Inside DOL: Solicitor's Office Reducing Regional Offices
The Solicitor’s Office of the U.S. Department of Labor (DOL), which provides legal services to the Secretary of Labor and the program agencies of DOL, including OSHA, the Wage and Hour Division, and the Office of Federal Contract Compliance Programs (OFCCP), is undergoing a reorganization.
The attorneys in the Solicitor’s Office represent the agency in litigation, at both the trial and appellate levels, and assist the program agencies in developing regulations and standards. The Solicitor’s Office has a presence in both the Headquarters Office in Washington, DC and in regional offices around the country. There are currently eight regional offices of the Solicitor’s Office, located in Boston, New York, Philadelphia, Atlanta, Chicago, Dallas, Kansas City, and San Francisco. With the recent retirement of the Regional Solicitor for Kansas City, the Solicitor’s Office is about to undergo a reorganization. The Kansas City Office will soon cease to be a Regional Office and will, instead, be a sub-regional office, reporting to the Chicago Regional Office.

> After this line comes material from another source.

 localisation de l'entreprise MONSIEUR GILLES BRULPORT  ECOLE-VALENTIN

In addition, the Denver sub-regional office, which had previously been under the jurisdiction of the Kansas City Regional Office, will, instead, report to the Dallas Regional Office.

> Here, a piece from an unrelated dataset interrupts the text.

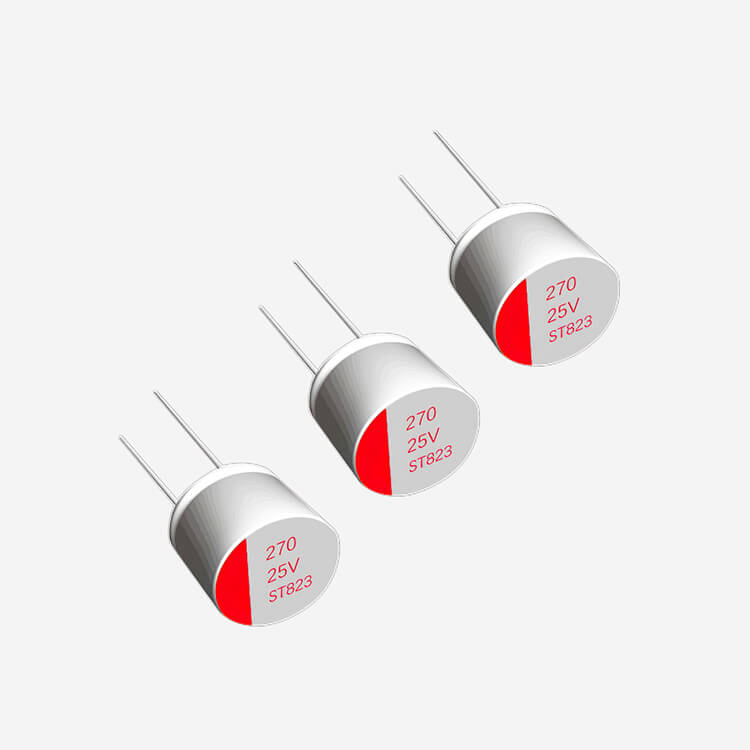 KST / Radial Conductive Polymer Aluminum Solid Capacitor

Because the head of each Regional Office is a member of the Senior Executive Service, while the sub-regional offices are headed by attorneys at the GS-15 level, the reduction in the number of Regional Offices will result in a savings to the Solicitor’s Office. It is anticipated that President Obama’s budget proposal for Fiscal Year 2013 will include a requirement that all federal agencies reduce the number of regional offices.